Capa da Folha sobre a morte de Pace (Foto: REPRODUÇÃO)

 

Prestes a tirar seu brevê para ser piloto de avião, José Carlos Pace acabou morrendo em um acidente aéreo na cidade de Mairiporã, na Serra da Mantiqueira, em 18 de março de 1977, após o modelo Sertanejo PT EHR bater em uma árvore pouco depois da decolagem feita no Campo de Marte, zona norte de São Paulo, com forte tempestade.

Morreram também Marivaldo Fernandes, também campeão no automobilismo brasileiro e que pilotava o avião, e Carlos Roberto de Oliveira, o ‘Nenê’.

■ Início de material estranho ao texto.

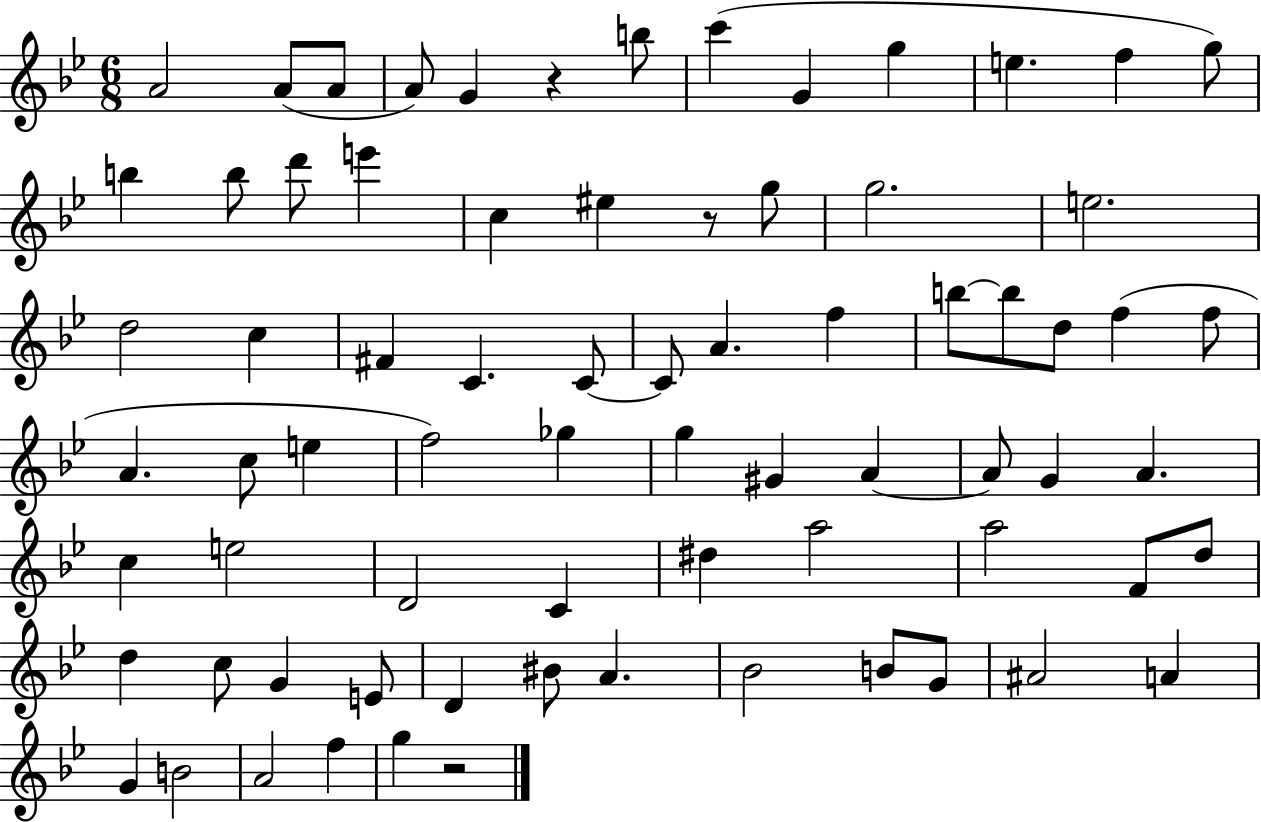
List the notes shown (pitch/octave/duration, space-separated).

A4/h A4/e A4/e A4/e G4/q R/q B5/e C6/q G4/q G5/q E5/q. F5/q G5/e B5/q B5/e D6/e E6/q C5/q EIS5/q R/e G5/e G5/h. E5/h. D5/h C5/q F#4/q C4/q. C4/e C4/e A4/q. F5/q B5/e B5/e D5/e F5/q F5/e A4/q. C5/e E5/q F5/h Gb5/q G5/q G#4/q A4/q A4/e G4/q A4/q. C5/q E5/h D4/h C4/q D#5/q A5/h A5/h F4/e D5/e D5/q C5/e G4/q E4/e D4/q BIS4/e A4/q. Bb4/h B4/e G4/e A#4/h A4/q G4/q B4/h A4/h F5/q G5/q R/h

“Nós fomos avisados no meio de madrugada: ele estava com Marivaldo, e teria um batizado em Ribeirão Preto no dia seguinte de um sobrinho meu onde ele ia ser o padrinho”, conta Paulo Gomes. “Recebemos a notícia e viajamos imediatamente pra São Paulo, fomos a Mairiporã, local do acidente. Foi terrível. Era inacreditável, um horror. Fomos todos pegos de surpresa, no Brasil, no mundo inteiro”.

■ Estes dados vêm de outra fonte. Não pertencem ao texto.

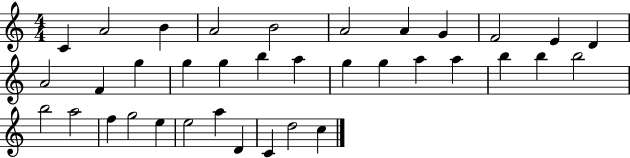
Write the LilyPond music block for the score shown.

“Estava indo para uma fazenda em Araraquara, e me ligaram lá. Foi um choque, eu que tive que falar para a Elda e para a Vera (esposa de Marivaldo), fui falar pessoalmente. Muito chocante”, relembra Fittipaldi.

Castilho só ficou sabendo do acidente quando chegava ao autódromo de Brands Hatch, na Inglaterra, onde cobriria uma prova da ‘Corrida dos Campeões’

“O clima estava péssimo. Bernie Ecclestone, dono da Brabham, não conseguia falar. Nem John Watson, seu companheiro na escuderia. Entrei no box da Tyrrell e vi Ronnie Peterson, um de seus melhores amigos, abraçado com a mulher Barbro. Os dois choravam muito. É claro que eu também não estava bem. Mas tinha que repercutir a história, ouvir alguns amigos de Pace na F-1. A corrida teve um clima péssimo, e James Hunt nem comemorou a vitória. Para mim foi uma das piores reportagens que tive de escrever”, assegurou.

O velório de Pace aconteceu no Automóvel Clube Paulista, e seu corpo foi enterrado no Cemitério do Araçá. Oito anos depois de sua morte, o vencedor do GP do Brasil de 1975 recebeu a maior homenagem póstuma: o Autódromo de Interlagos foi rebatizado para Autódromo José Carlos Pace, e um busto de bronze do piloto está posicionado pouco após a entrada do Portão B do circuito.

“Com certeza foi meu melhor amigo naquela época. Era nas pistas e fora delas, nas pescarias, nas viagens para negócios, para fazendas”, reconhece Paulo Gomes. “Ele era tido como futuro campeão mundial de Fórmula 1, e ele seria, com certeza”.